By Ruzanna Stepanian
YEREVAN (Azatutyun) — Armenia’s government has drawn strong condemnation from the opposition after saying that Nagorno-Karabakh’s leaders are to blame for its decision to stop raising the Karabakh issue in peace talks with Azerbaijan.
In a weekend statement to RFE/RL’s Armenian Service, the Foreign Ministry in Yerevan said “the issue was removed from the agenda of the normalization of interstate relations between Armenia and Azerbaijan” because of a decree signed by Samvel Shahramanyan, the Karabakh president, in September 2023 following an Azerbaijani military offensive that restored Baku’s control of the region.
The decree liquidated the self-proclaimed Nagorno-Karabakh Republic. Shahramanyan invalidated it in December 2023, saying that he had to sign it in order to enable Karabakh’s endangered population to safely flee to Armenia. He also argued that the decree, apparently demanded by Baku, was unconstitutional in the first place.
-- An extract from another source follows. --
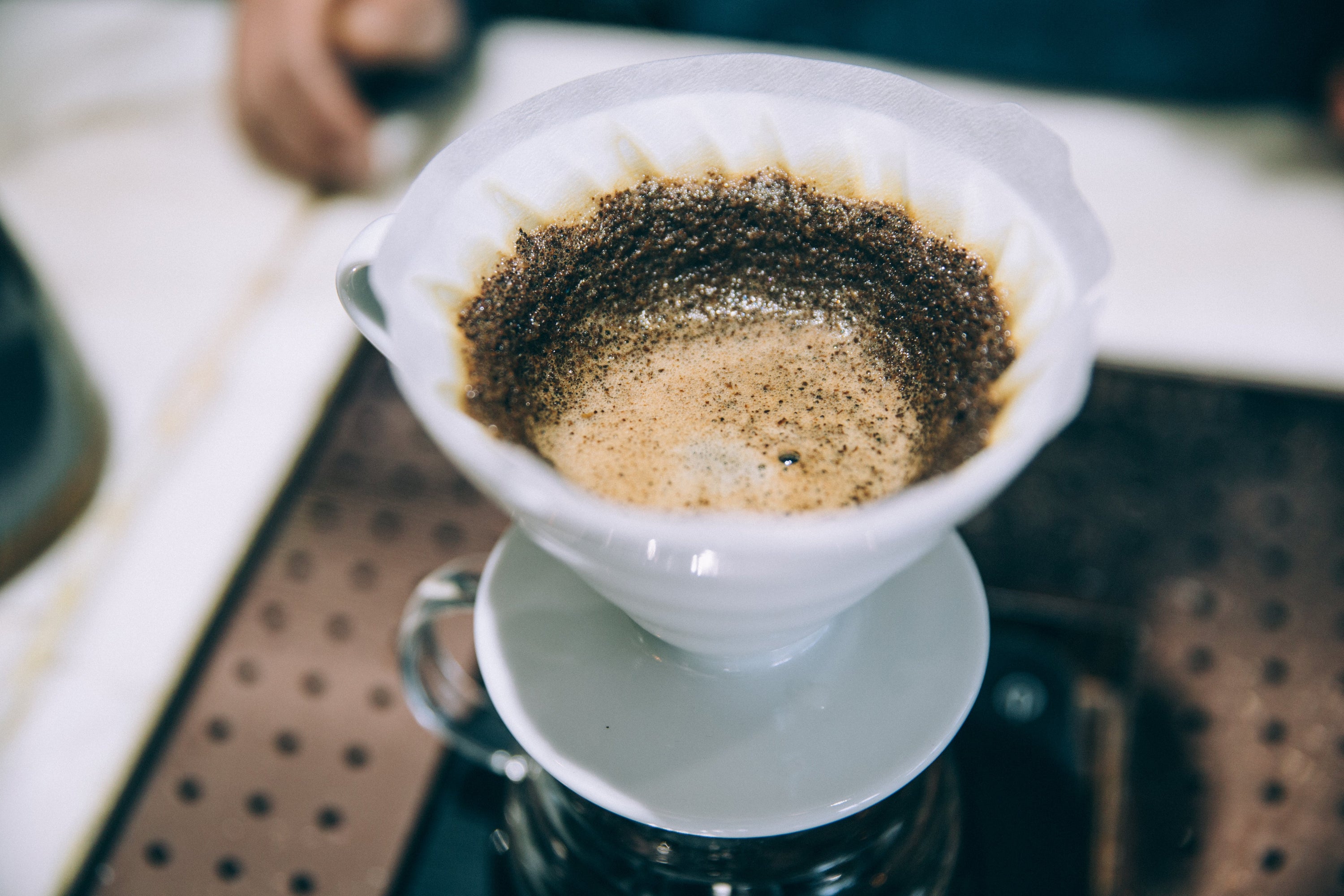 The careful process of pour over coffee being brewed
Prime Minister Nikol Pashinyan’s political allies accused the Karabakh leader of putting Armenia’s national security at serious risk after he declared the decree null and void. Pashinyan has since repeatedly indicated that the Karabakh issue is closed for his administration.
In its statement, the Foreign Ministry also claimed that Karabakh’s leadership refused to hold talks with Azerbaijani officials “in third countries” three months before the Azerbaijani offensive.